An exact repeat is needed of the lines from the one with "Le Stelle Villa Georgioupoli Exterior photo" through the last line of the data below. Please omit the pictures.
*** Opening of Data for the task ***
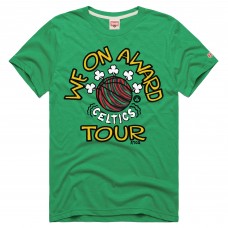 Boston Celtics Green A Tribe Called Quest x NBA We On Award Tour T-Shirt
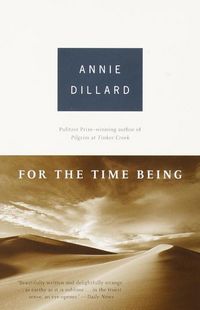 Produktbild: For the Time Being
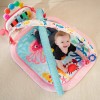 Gimnasio 4 En 1 Musical Baby Einstein Rosa 17413 Multicolor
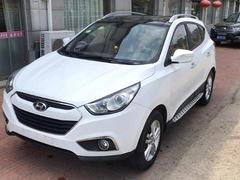 【搞定了！】现代 现代ix35 2013款 2.0 手自一体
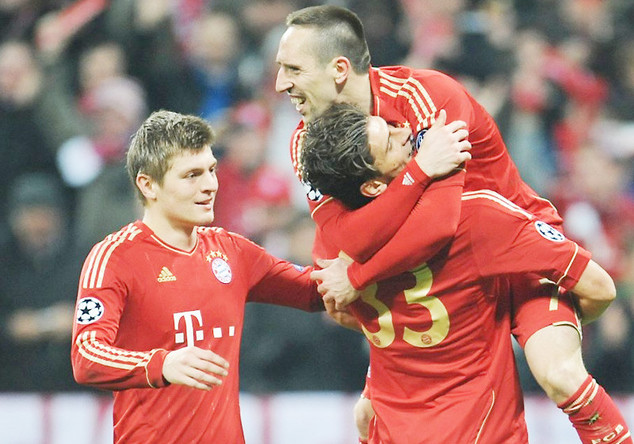  Champions League VIP 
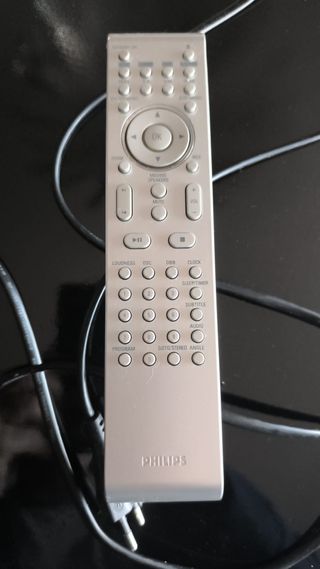 Reproductor DVD/CD PHILIPS DVD762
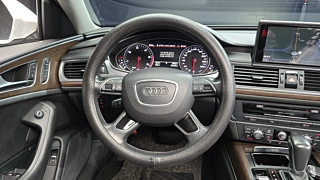 AUDI A6 2016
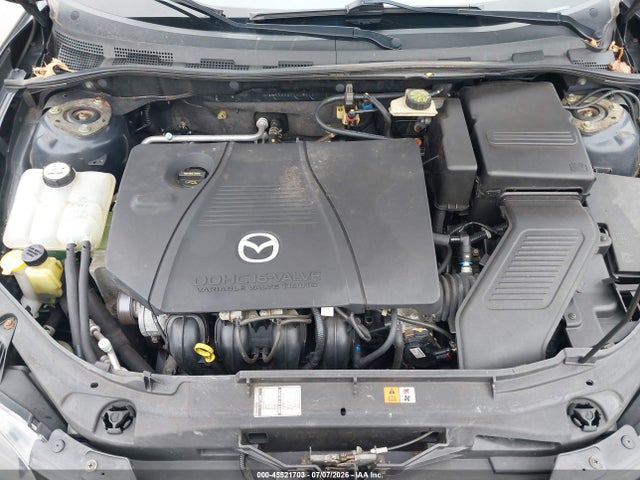 45521703 :رقم المزاد ، JM1BK323251218812 vin ، 2005 Mazda Mazda3 S مزاد بيع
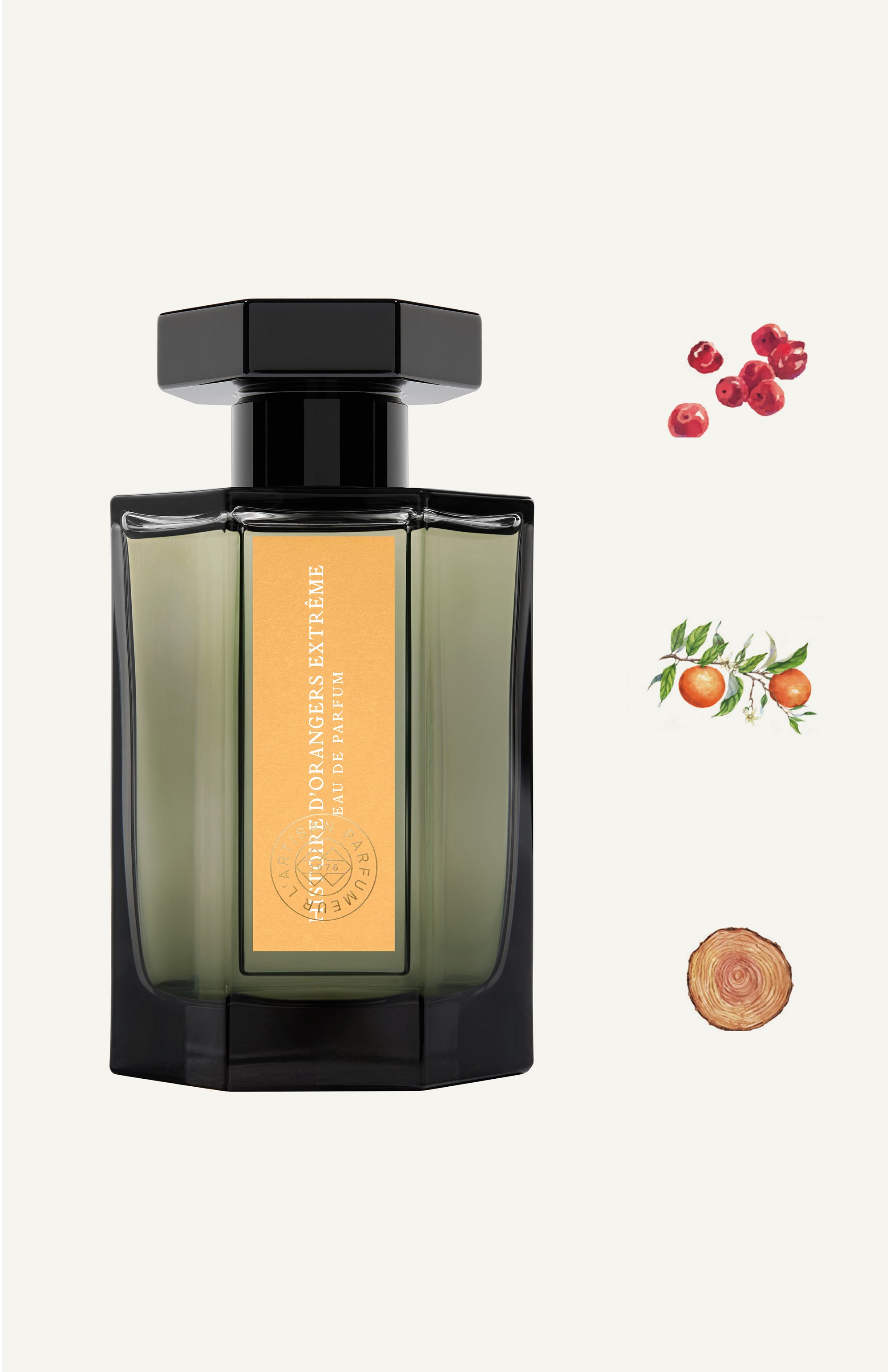 Парфюмерная вода histoire d’orangers extrême (100ml) L'ARTISAN PARFUMEUR, арт. 3660463027302, фото 4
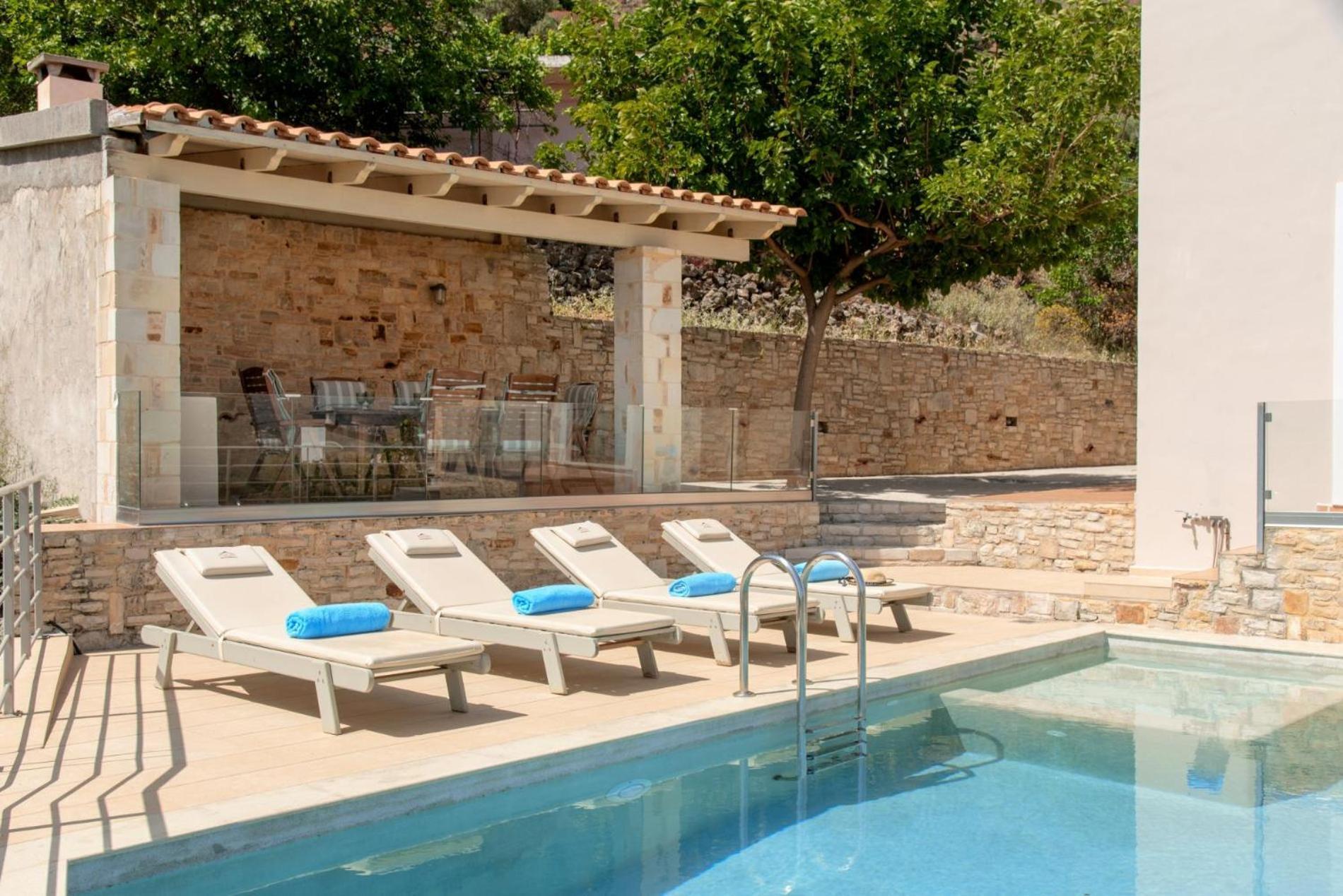 Le Stelle Villa Georgioupoli Exterior photo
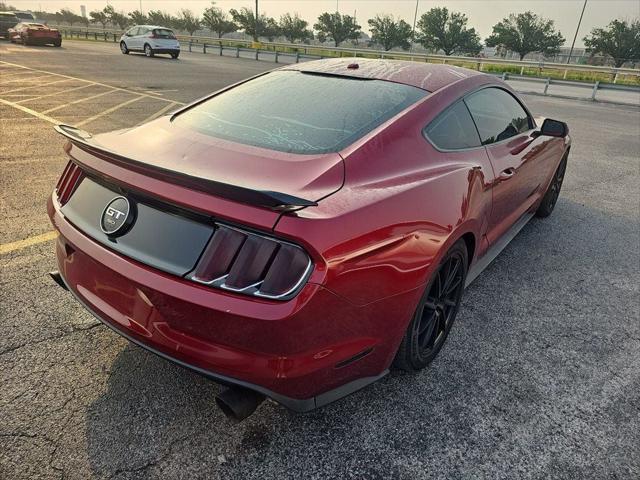 used 2015 Ford Mustang car, priced at $32,900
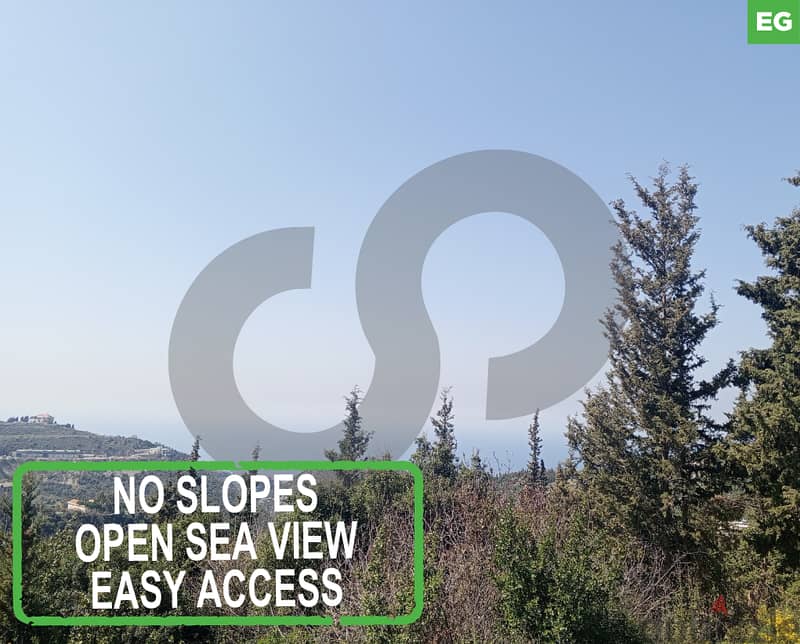 Unobstructed panoramic views,Easy access in ghedras/غدريس REF#EG119006 0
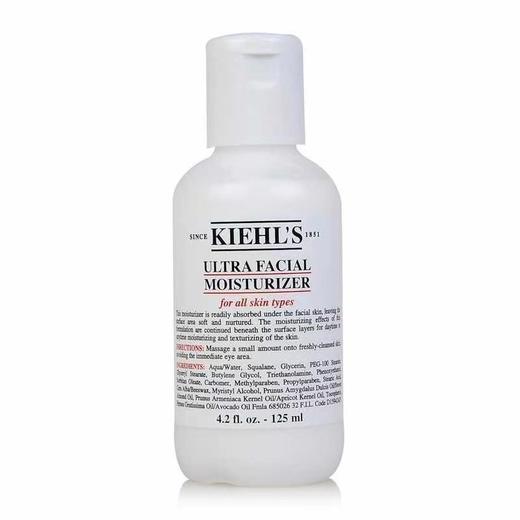 KIEHL'S/科颜氏 高保湿乳液 125ML 商品图0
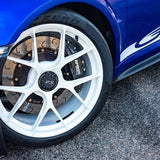 991 GT2RS BBS FI-R Wheels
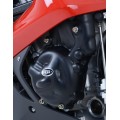 R&G Racing Engine Case Left Side Cover For BMW S1000RR '10-'16 S1000XR '15-'16 S1000R '14-'16 & HP4 '13-'14 R&G Racing Engine Case Left Side Cover For BMW S1000RR '10-'16 S1000XR '15-'16 S1000R '14-'16 & HP4 '13-'14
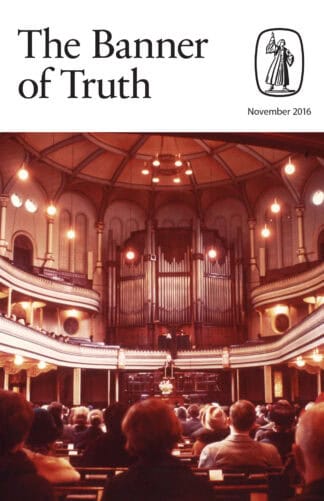 November 2016 Magazine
*** Close of Data for the task ***
→ Response area:
 Le Stelle Villa Georgioupoli Exterior photo
 used 2015 Ford Mustang car, priced at $32,900
 Unobstructed panoramic views,Easy access in ghedras/غدريس REF#EG119006 0
 KIEHL'S/科颜氏 高保湿乳液 125ML 商品图0
 991 GT2RS BBS FI-R Wheels
 R&G Racing Engine Case Left Side Cover For BMW S1000RR '10-'16 S1000XR '15-'16 S1000R '14-'16 & HP4 '13-'14 R&G Racing Engine Case Left Side Cover For BMW S1000RR '10-'16 S1000XR '15-'16 S1000R '14-'16 & HP4 '13-'14
 November 2016 Magazine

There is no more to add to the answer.